Ministerie van Defensie
Crèvecoeur is in handen van het Ministerie van Defensie. In 2010 heeft het ministerie met de Gemeente Den Bosch afgesproken om het fort op te knappen, maar er is sindsdien niet veel gebeurd. Erfgoedvereniging Heemschut nomineerde het vestingwerk voor de Europese erfgoedlijst, en laat weten dat dat het ministerie ‘na jarenlange pogingen’ nu aan het werk heeft gezet. Met name het herstel van kruitopslagplaatsen, kazematten, sluispoort, wallen en grachten verdient aandacht, aldus Heemschut. Wethouder Huib van Olden zou het liefst zien dat het fort ook weer voor publiek toegankelijk wordt, dat is nu niet het geval.

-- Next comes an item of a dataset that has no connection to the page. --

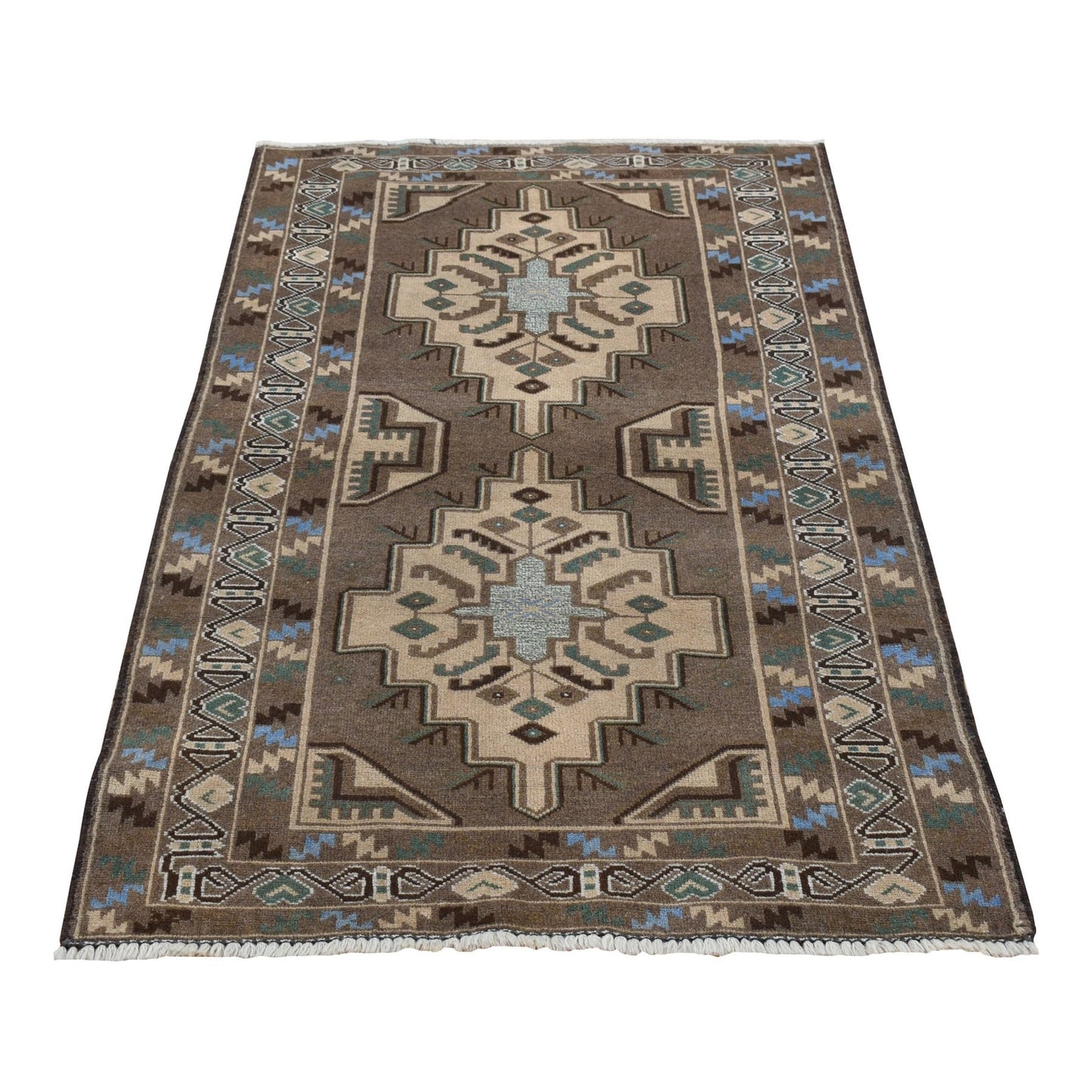 3'X5'2" Brown Washed Out Afghan Balooch Pure Wool Hand Knotted Rug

De tekenen van herstel zijn al te zien, laat Heemschut weten: het terrein rondom het fort is nu afgezet, een steigerconstructie met folie beschermt het erfgoed tegen weer en wind. In april worden verdere herstelplannen gemaakt.
Europa Nostra
De lijst met bedreigd erfgoed wordt jaarlijks opgesteld om mensen tot actie aan te zetten. Andere ‘winnaars’ zijn dit jaar het historische centrum van Stolberg in Duitsland, de Neptunusbaden in Roemenië en de Zogubrug in Albanië. Lokale erfgoedverenigingen kunnen hun nominaties doorgeven aan Europa Nostra, die organisatie houdt zich bezig met erfgoed in veertig Europese landen. Een groep van deskundige archeologen, historici en architecten kiest uit die inzendingen de meest tragische gevallen, waarbij niet alleen gekeken wordt hoe erg het verval is, maar ook naar de cultuurhistorische waarde. De nominaties werden eind vorig jaar doorgegeven, vandaar dat Oekraïense gebouwen en omgevingen ontbreken op de lijst.